Après des études à l'Institut d'État de musique et d'art dramatique, elle est comédienne d'un théâtre pour enfants. Elle débute au cinéma en 1924 dans le premier rôle d'Aélita, film de Yakov Protazánov. Elle sera jusqu'à la fin du muet une vedette très prisée : la Cigarière du Mosselprom (Y. Jéliaboujskii, 1924), ‘ Tempête ’ (Bourja, Pavel Dolina, 1928), Deux Femmes (G. Rochal, 1929), la Terre (A. Dovjenko, 1930). Ayant épousé Alexandre Dovjenko en 1928, elle devient sa plus proche et plus dévouée collaboratrice (interprète, assistante) et travaille notamment comme coréalisatrice pour : Chtchors (1939), Libération (1940), la Bataille pour notre Ukraine soviétique (1943), la Victoire en Ukraine (1945), Mitchourine (1948).
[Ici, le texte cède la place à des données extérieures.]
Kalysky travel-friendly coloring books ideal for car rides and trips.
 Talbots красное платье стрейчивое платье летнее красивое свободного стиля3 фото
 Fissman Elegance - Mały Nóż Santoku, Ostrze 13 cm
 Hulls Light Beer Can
Elle tourne seule son premier film en 1953, ‘ Egor Boulytchov et les autres ’ (Egor Bulyčov i drugie). Après la mort de son mari (1956), elle met en scène trois scénarios que celui-ci avait minutieusement élaborés : le Poème de la mer (Poema o more, 1958), le Dit des années de feu (‘ Povest ’ plamennih let, 1960), la Desna enchantée (Začarovannaja Desna, 1964). Avec ses propres œuvres, ‘ l'Inoubliable ’ (Nezabyvaemoe, 1968), ‘ la Porte d'or ’ (Zolotye vorota, 1969), ‘ le Monde en trois dimensions ’ (Mir v trëh izmerenijah, 1979), comme dans ses activités d'historienne (restaurations, éditions, expositions, articles), elle n'a cessé de servir la glorieuse mémoire de Dovjenko tout en s'efforçant de demeurer fidèle à l'esprit aussi bien qu'au style du grand cinéaste.

SOLOGNE (Madeleine Vouillon, dite Madeleine)

actrice française (La Ferté-Imbault 1912 - Vierzon 1995).

Bien qu'ayant épousé un opérateur de cinéma, Jean Douarinou, elle ne se destine pas à la carrière d'actrice. Les hasards de la vie lui font cependant abandonner son premier métier de modiste pour se consacrer d'abord au théâtre, ensuite aux studios (elle débute dans un rôle d'ouvrière pour La vie est à nous de Jean Renoir en 1936). Son physique de belle brune la cantonne soit dans des rôles de gitane (les Filles du Rhône, Jean-Paul Paulin, 1938 ; le Danube bleu, Émile-Edwin Reinert et Alfred Rode, 1940), soit dans des compositions comiques (Raphaël le Tatoué, Christian-Jaque, 1939) ou sentimentales (le Père Lebonnard, Jean de Limur, id.). À partir de 1941, on découvre son jeu sobre cachant une grande sensibilité et la justesse de ses apparitions, fût-ce dans des mélos comme Fièvres (J. Delannoy, 1942) ou l'Appel du bled (Maurice Gleize, id.). La consécration lui est apportée par l'Éternel Retour (Delannoy, 1943), où Cocteau la transfigure en l'imposant en Yseult aux cheveux de lin ; cette coiffure « médiévale » et le pull-over de Jean Marais lancent la mode. Ce rôle va la dévorer. Elle ne trouve plus ensuite de personnage d'envergure : ni dans Vautrin (P. Billon, 1944), où son sens des nuances fait pourtant merveille, ni, à plus forte raison, dans les petites comédies qu'elle défend après la Libération. Son talent s'englue dans de lourdes machines (Un ami viendra ce soir, R. Bernard, 1945 ; la Foire aux chimères, P. Chenal, 1946). De guerre lasse, elle s'arrête de tourner en 1947 et, dès lors, ne paraît plus qu'à de rares et malheureuses occasions et après de longs intervalles (les Naufrageurs, Charles Brabant, 1959 ; Il suffit d'aimer, René Darène, 1961 ; le Temps des loups, S. Gobbi, 1969).